Action item ▸
Omitting the pictures, print every line below exactly as it stands.

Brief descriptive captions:
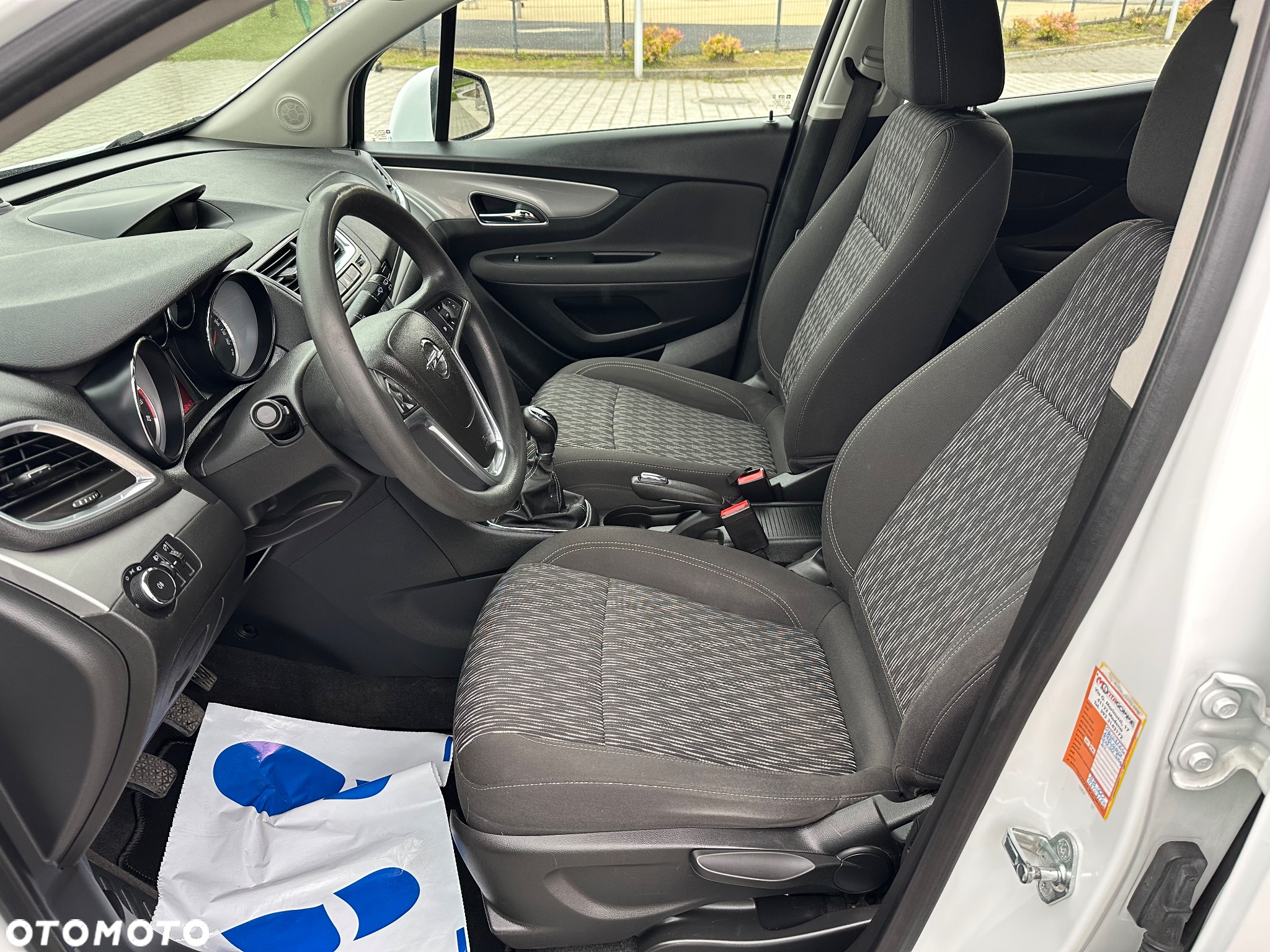 Opel Mokka 1.6 Active S&S - 9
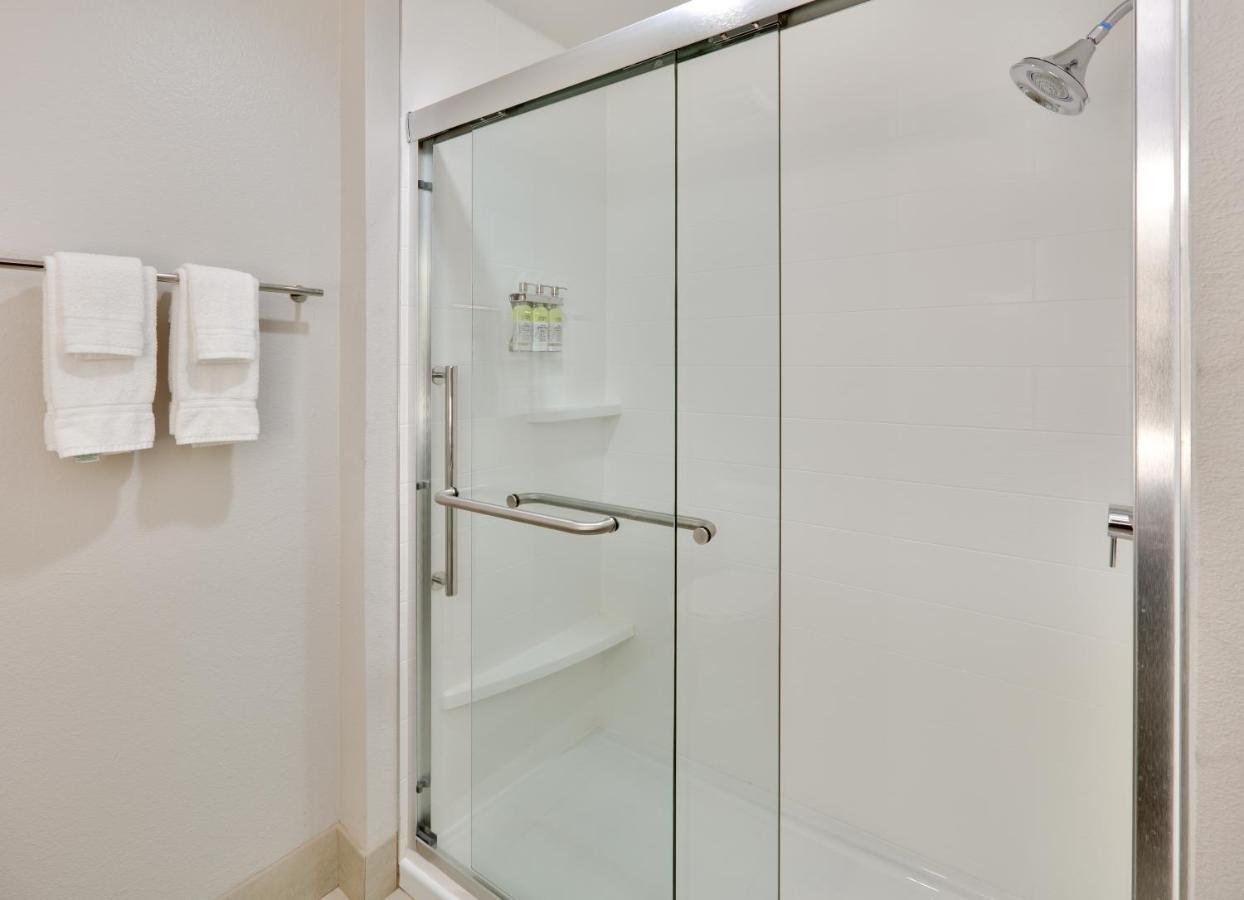 Holiday Inn Express & Suites Fort Worth North - Northlake By Ihg Dış mekan fotoğraf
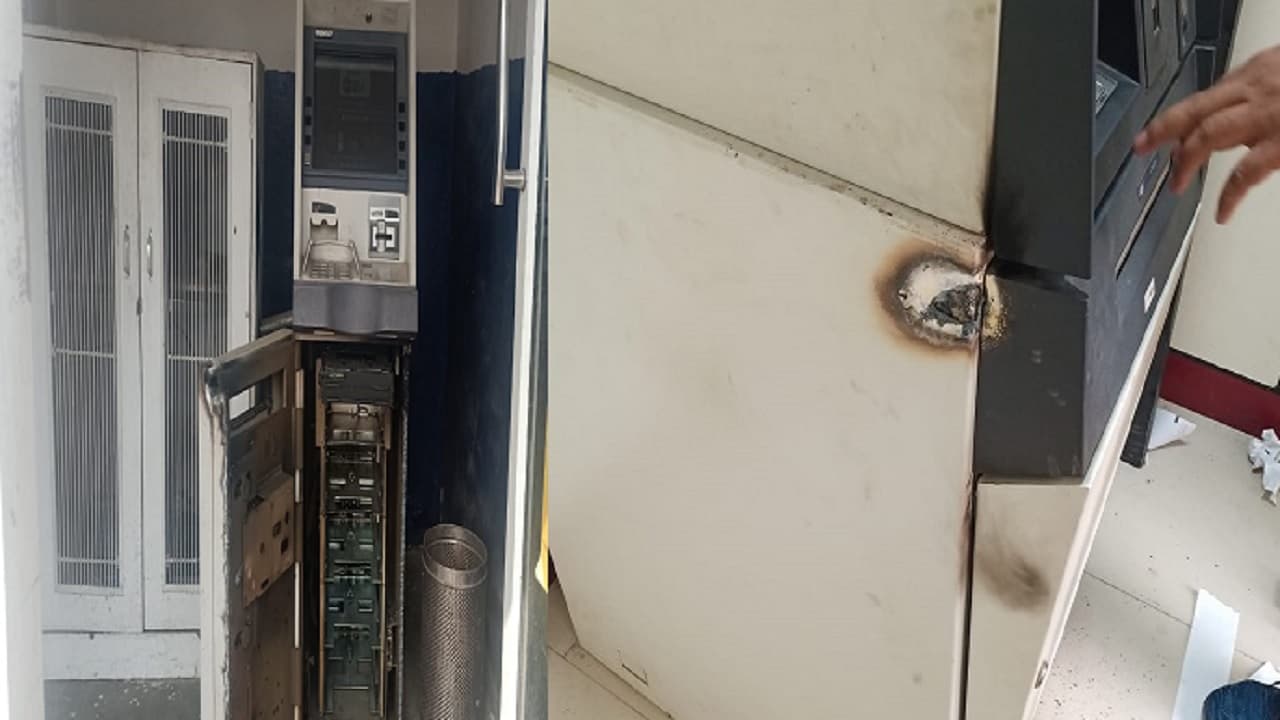 Bihar News: पूर्वी चंपारण में बेखौफ चोरों ने तीन जगहों पर काटा ATM, कैश भरी मशीन उखाड़कर हुए फरार Bihar News: पूर्वी चंपारण में बेखौफ चोरों ने तीन जगहों पर काटा ATM, कैश भरी मशीन उखाड़कर हुए फरार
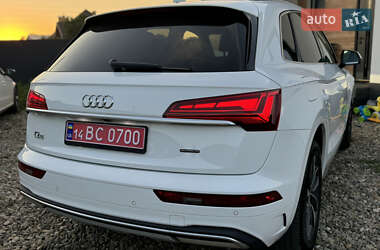 Внедорожник / Кроссовер Audi Q5 2021 в 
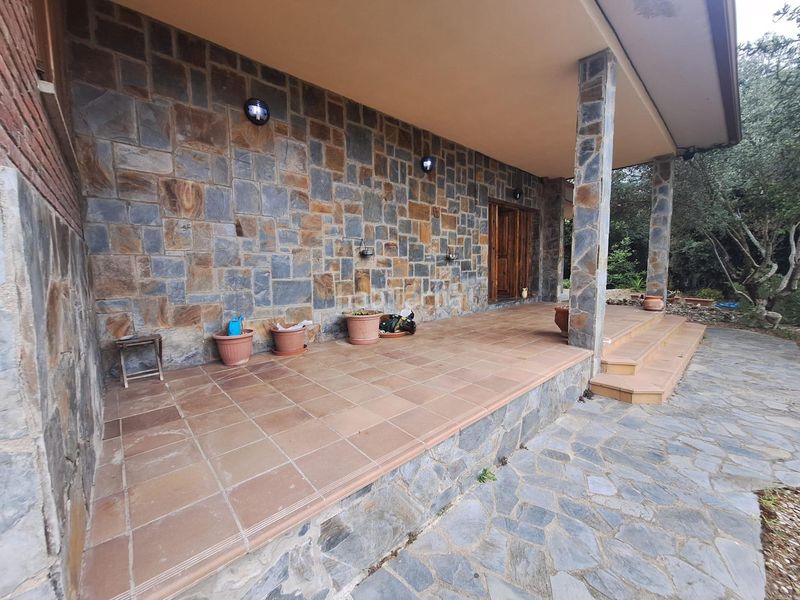 Foto 092cfa4c-fe61-49e4-be86-ef94d8a885a2. Country house with parking in El Racó-Sant Feliu del Racó Castellar del Vallès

Answer for the task ▸
 Opel Mokka 1.6 Active S&S - 9
 Holiday Inn Express & Suites Fort Worth North - Northlake By Ihg Dış mekan fotoğraf
 Bihar News: पूर्वी चंपारण में बेखौफ चोरों ने तीन जगहों पर काटा ATM, कैश भरी मशीन उखाड़कर हुए फरार Bihar News: पूर्वी चंपारण में बेखौफ चोरों ने तीन जगहों पर काटा ATM, कैश भरी मशीन उखाड़कर हुए फरार
 Внедорожник / Кроссовер Audi Q5 2021 в 
 Foto 092cfa4c-fe61-49e4-be86-ef94d8a885a2. Country house with parking in El Racó-Sant Feliu del Racó Castellar del Vallès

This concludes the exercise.